Megadeth is an American heavy metal band formed in 1983 by Dave Mustaine and David Ellefson. As pioneers of thrash and members of the “Big Four,” they have released numerous platinum-selling albums and received multiple Grammy nominations and awards. The classic lineup features Mustaine (vocals, lead guitar), Ellefson (bass), Marty Friedman (lead guitar), and Nick Menza (drums).
All raw data sources: megadeth.com and the official Megadeth YouTube channel.
Next, we outline the pipeline for obtaining the data, applying preprocessing steps, and deriving the relevant features.

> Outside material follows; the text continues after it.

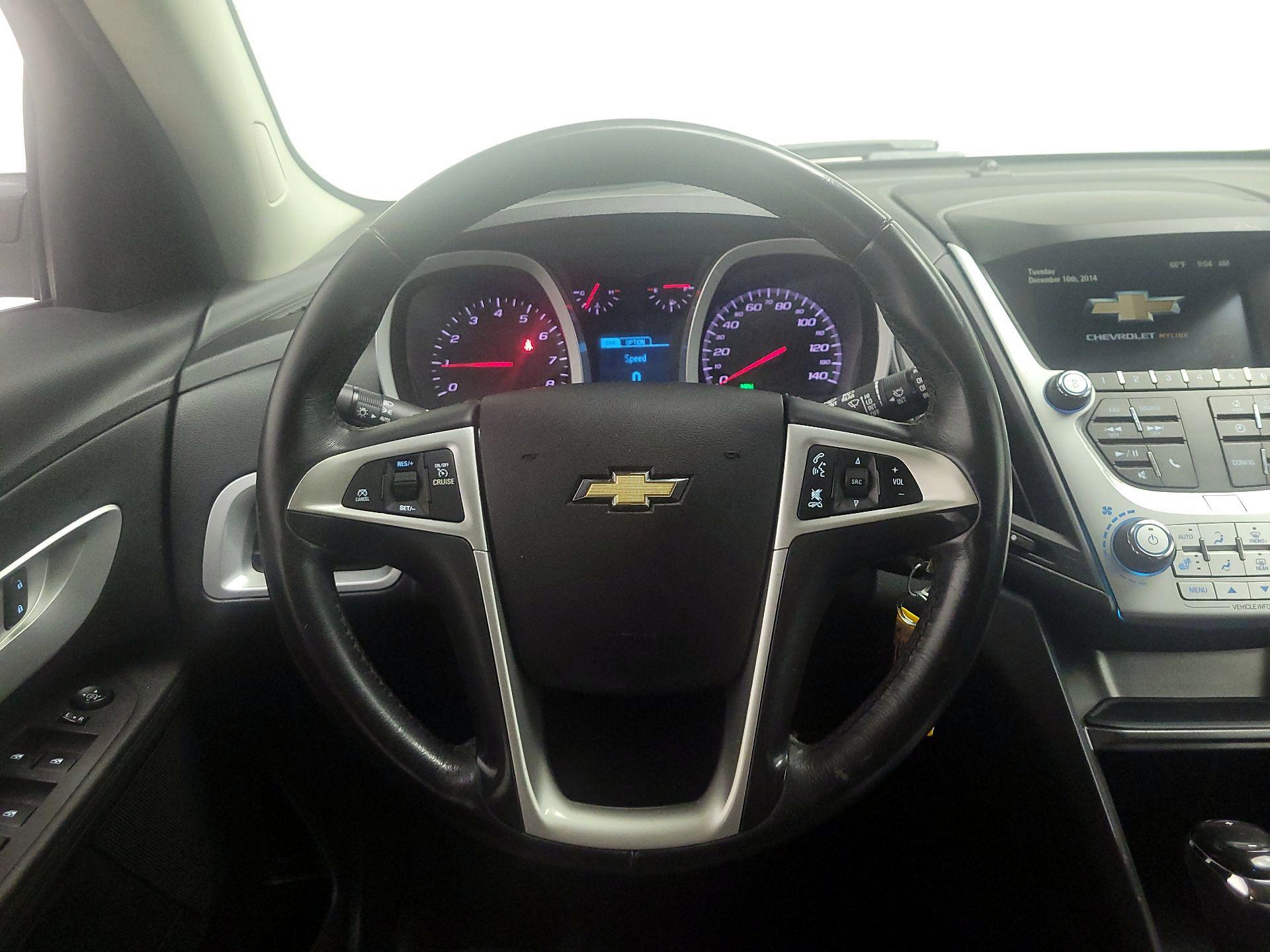 Thumbnail: 2017 Chevrolet Equinox - 10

This dataset comprises 173 songs across 16 studio albums.
The dataset contains 173 songs from 16 Megadeth studio albums (1985–2022). Audio comes from official releases. Metadata (year, band, album, track, song, duration, bpm) from public discographies. Lyrics from official sources.
Each track is decoded to WAV via FFmpeg, down-mixed to mono, and amplitude-normalized. Frames use a Hann window (\(46\) ms) with a \(23\) ms hop. For frame \(i\): samples \(x_i[m]\), DFT \(X_i[k]\), magnitudes \(M_i[k]=|X_i[k]|\) for bins \(k=1,\dots,K\), frequencies \(f_k\), and a small \(\varepsilon>0\) for numerical stability.
Per song we compute four per-frame metrics, smooth each with a cubic spline, and optionally \(z\)-score:
Loudness: \[ \mathrm{RMS}_i=\sqrt{\tfrac{1}{L}\sum_{m=0}^{L-1}x_i[m]^2}, \qquad \log\mathrm{RMS}_i=\log(\mathrm{RMS}_i+\varepsilon). \]
Higher values indicate louder passages with more acoustic energy; lower values correspond to quieter sections or silence.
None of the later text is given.